When I went into the army, I got into acid rock (Hendrix and others). And on it went.

My memories are going further and further back. It seems like just a few years ago I was in high school, but I graduated in 1968. It seems just a while ago that I was in the army, but I got out in 1971. It seems that we have not been married for all that long, but it has been forty years.

One of the best times of our lives was in Spokane, but it has been thirty years since we left. It seems like a short time ago that I graduated from college or seminary, but my last graduation date was 1985. It seems like just a while ago that I left the Church of Christ, but it was in 1994.

Life is on fast forward and I do not want it to be.

The past few years have been hard ones and I guess the scrabbling for existence had made the time go faster.

I have already been in Lincoln for over a year.

And I am about to turn 62, retirement age if I wanted it to be.

So many people I remember as teenagers are retired now. Some are dead, some are having real troubles in life, some are doing well. Some have found the Lord. Some haven’t. But all those who are still alive are significantly older.

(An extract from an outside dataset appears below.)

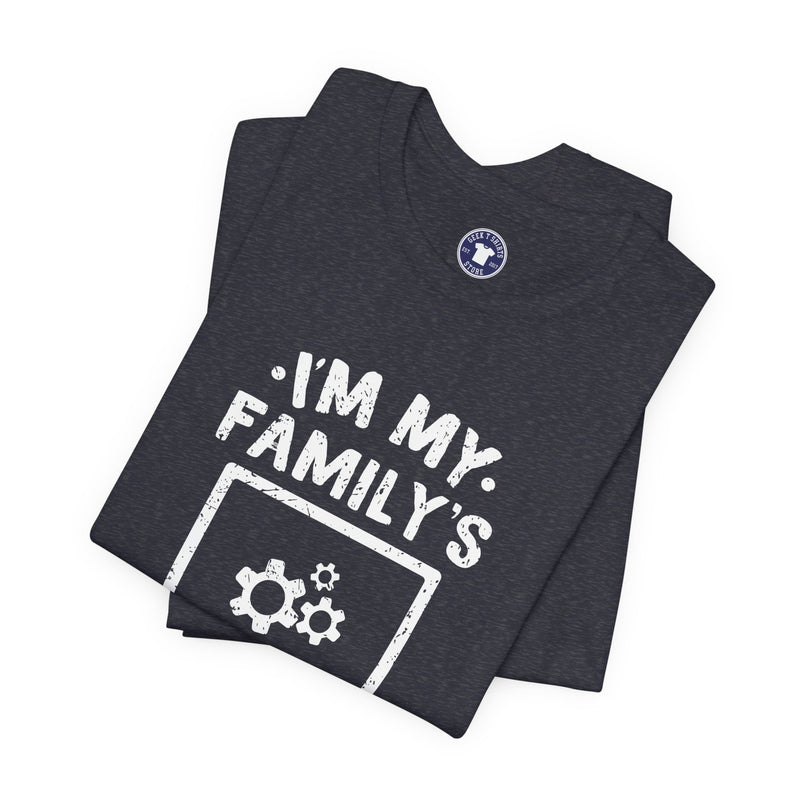 I'm My Family's Unpaid Tech Support - Premium Unisex Crewneck T-Shirt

The distance from then to now is far greater than I ever thought it would be. I never had a mental concept of being older. Oddly enough, I still think of myself, at times, as being younger. Then I will catch sight of myself in the mirror or a window and it will surprise me. I am white headed and bearded. I am wrinkled, although not as much as I thought I would be.

I see my wife, and although she still looks good for her age, it is for her age that comes to mind. She is older than I think she ought to be.

Memories come flashing back. A song on the oldies station will flash me to 1972 on a warm Houston night in our 1968 Ford Galaxie 500. Another will put me in the snack bar in Germany at the army base. Another I will be in seminary. Another and another.

Someone once wrote that you become old when you replace your dreams with regrets.

It seems to me that it would be impossible to be otherwise. At this age I do not have a lot of dreams. Too many of them have been smashed or fulfilled. I only have a few years left. With good health, maybe 20. Half the distance to getting out of the army. Ten less than in Spokane. Five less than graduation from my second degree. Only three more than since I left the Church of Christ.

I was listening to a song on the radio in a store not long ago and asked the guy behind the counter, have you ever thought about the fact that three of that foursome are dead now? He hadn’t thought about it, I guess. So many songs I hear are by people who have been dead for a long time, decades sometimes.

Time has gone by so fast. And as I said, I am beginning to feel my age.